Please transcribe exactly, and only, the lines of the data below between the line holding "Motorturmwagen MTW 10" and the line holding "For rent 2 bedrooms", inclusive.

*EXERCISE DATA:*
┌──

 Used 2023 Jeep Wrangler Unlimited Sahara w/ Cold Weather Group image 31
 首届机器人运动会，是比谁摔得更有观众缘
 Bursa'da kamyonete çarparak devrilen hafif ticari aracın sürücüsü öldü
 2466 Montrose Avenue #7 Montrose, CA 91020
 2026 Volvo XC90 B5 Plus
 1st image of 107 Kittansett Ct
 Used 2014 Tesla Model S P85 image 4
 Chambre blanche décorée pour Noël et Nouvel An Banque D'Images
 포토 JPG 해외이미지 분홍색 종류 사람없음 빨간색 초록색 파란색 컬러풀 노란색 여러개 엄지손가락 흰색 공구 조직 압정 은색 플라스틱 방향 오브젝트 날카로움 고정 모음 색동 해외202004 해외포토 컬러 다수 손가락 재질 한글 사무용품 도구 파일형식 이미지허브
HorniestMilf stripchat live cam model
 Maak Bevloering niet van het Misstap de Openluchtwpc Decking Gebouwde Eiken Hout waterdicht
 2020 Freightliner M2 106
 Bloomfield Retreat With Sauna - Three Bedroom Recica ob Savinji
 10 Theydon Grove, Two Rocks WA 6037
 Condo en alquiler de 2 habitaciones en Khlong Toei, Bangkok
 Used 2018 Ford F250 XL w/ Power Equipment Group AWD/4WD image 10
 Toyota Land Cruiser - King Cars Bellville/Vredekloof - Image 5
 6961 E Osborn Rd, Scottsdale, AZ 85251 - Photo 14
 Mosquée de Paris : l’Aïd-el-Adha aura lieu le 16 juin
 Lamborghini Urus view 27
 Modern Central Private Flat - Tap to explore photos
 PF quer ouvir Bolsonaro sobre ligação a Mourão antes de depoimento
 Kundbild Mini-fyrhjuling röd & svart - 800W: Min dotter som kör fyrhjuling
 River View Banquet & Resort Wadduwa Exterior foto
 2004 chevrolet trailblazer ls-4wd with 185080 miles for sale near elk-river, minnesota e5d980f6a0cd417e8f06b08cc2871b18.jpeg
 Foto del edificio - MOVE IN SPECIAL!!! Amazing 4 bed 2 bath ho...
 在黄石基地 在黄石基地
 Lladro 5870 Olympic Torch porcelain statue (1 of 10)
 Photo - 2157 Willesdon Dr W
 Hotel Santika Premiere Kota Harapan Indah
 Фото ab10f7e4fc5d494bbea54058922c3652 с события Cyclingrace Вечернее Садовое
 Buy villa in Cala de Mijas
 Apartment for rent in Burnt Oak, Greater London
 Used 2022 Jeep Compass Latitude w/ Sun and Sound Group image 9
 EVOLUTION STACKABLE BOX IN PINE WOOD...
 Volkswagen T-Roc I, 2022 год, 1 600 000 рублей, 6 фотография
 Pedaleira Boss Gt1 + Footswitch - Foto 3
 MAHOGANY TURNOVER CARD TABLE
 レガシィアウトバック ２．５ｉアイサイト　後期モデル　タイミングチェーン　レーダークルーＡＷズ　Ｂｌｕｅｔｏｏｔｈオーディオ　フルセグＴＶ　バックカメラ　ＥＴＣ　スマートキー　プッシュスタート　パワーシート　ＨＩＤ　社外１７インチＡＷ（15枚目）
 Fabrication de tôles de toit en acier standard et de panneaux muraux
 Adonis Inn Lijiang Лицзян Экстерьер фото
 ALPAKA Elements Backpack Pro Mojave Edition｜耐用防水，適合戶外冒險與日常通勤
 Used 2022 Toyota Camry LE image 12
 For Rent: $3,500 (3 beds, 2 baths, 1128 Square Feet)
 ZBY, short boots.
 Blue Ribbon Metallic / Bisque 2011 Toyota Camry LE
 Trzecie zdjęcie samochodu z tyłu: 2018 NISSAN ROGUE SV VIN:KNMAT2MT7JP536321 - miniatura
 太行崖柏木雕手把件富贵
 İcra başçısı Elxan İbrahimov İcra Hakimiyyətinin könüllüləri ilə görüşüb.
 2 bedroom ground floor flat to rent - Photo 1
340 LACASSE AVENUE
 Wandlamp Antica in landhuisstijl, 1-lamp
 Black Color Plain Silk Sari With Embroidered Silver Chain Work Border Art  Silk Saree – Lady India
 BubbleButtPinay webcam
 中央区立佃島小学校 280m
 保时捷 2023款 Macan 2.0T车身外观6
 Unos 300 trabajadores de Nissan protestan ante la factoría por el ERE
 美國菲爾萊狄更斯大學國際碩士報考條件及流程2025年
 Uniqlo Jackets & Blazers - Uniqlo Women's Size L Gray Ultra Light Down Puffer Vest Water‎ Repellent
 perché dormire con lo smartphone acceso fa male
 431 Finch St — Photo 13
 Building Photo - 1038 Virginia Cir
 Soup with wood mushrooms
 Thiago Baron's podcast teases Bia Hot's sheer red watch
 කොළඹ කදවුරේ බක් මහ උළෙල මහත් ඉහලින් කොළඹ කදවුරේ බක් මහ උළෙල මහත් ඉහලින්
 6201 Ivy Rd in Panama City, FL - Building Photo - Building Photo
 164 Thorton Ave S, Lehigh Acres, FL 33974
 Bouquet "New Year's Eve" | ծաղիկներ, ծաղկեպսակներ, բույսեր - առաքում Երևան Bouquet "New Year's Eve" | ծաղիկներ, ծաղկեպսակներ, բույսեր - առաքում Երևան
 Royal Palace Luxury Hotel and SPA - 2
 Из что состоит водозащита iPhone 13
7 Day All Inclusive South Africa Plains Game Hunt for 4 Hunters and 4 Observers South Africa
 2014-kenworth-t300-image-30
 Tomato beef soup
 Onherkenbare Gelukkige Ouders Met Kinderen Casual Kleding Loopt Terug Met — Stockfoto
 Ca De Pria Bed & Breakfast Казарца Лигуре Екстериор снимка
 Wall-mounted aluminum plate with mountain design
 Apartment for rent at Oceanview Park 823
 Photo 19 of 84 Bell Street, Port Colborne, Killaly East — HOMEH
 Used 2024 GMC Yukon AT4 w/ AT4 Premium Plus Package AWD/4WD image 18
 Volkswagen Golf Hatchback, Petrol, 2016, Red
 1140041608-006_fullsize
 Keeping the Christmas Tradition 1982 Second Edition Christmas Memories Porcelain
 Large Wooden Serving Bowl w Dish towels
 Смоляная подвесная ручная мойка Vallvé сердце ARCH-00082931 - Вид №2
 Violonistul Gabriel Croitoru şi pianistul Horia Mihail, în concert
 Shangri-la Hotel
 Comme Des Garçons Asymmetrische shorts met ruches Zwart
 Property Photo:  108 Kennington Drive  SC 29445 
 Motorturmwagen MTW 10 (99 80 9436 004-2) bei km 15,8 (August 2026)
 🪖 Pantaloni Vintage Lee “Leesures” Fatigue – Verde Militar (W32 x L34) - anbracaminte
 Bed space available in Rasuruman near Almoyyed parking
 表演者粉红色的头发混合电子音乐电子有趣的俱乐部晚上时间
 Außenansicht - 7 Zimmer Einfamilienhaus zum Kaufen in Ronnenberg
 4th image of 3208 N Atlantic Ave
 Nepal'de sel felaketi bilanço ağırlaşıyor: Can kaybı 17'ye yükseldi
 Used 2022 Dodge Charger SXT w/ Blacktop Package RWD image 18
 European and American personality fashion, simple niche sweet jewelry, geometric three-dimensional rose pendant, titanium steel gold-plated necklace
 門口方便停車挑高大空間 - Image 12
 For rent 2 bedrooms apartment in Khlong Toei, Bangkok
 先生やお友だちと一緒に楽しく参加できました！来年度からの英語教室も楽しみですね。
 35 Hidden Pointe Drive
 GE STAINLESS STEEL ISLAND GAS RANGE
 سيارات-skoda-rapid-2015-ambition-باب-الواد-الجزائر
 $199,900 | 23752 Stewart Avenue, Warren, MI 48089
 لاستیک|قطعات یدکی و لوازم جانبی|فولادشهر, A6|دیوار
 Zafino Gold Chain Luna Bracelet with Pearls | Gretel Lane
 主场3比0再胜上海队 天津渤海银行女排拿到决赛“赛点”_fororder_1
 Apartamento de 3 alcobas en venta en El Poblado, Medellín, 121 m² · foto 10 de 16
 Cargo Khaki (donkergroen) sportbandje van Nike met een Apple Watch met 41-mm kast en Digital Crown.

└──

*FINAL ANSWER:*
 Motorturmwagen MTW 10 (99 80 9436 004-2) bei km 15,8 (August 2026)
 🪖 Pantaloni Vintage Lee “Leesures” Fatigue – Verde Militar (W32 x L34) - anbracaminte
 Bed space available in Rasuruman near Almoyyed parking
 表演者粉红色的头发混合电子音乐电子有趣的俱乐部晚上时间
 Außenansicht - 7 Zimmer Einfamilienhaus zum Kaufen in Ronnenberg
 4th image of 3208 N Atlantic Ave
 Nepal'de sel felaketi bilanço ağırlaşıyor: Can kaybı 17'ye yükseldi
 Used 2022 Dodge Charger SXT w/ Blacktop Package RWD image 18
 European and American personality fashion, simple niche sweet jewelry, geometric three-dimensional rose pendant, titanium steel gold-plated necklace
 門口方便停車挑高大空間 - Image 12
 For rent 2 bedrooms apartment in Khlong Toei, Bangkok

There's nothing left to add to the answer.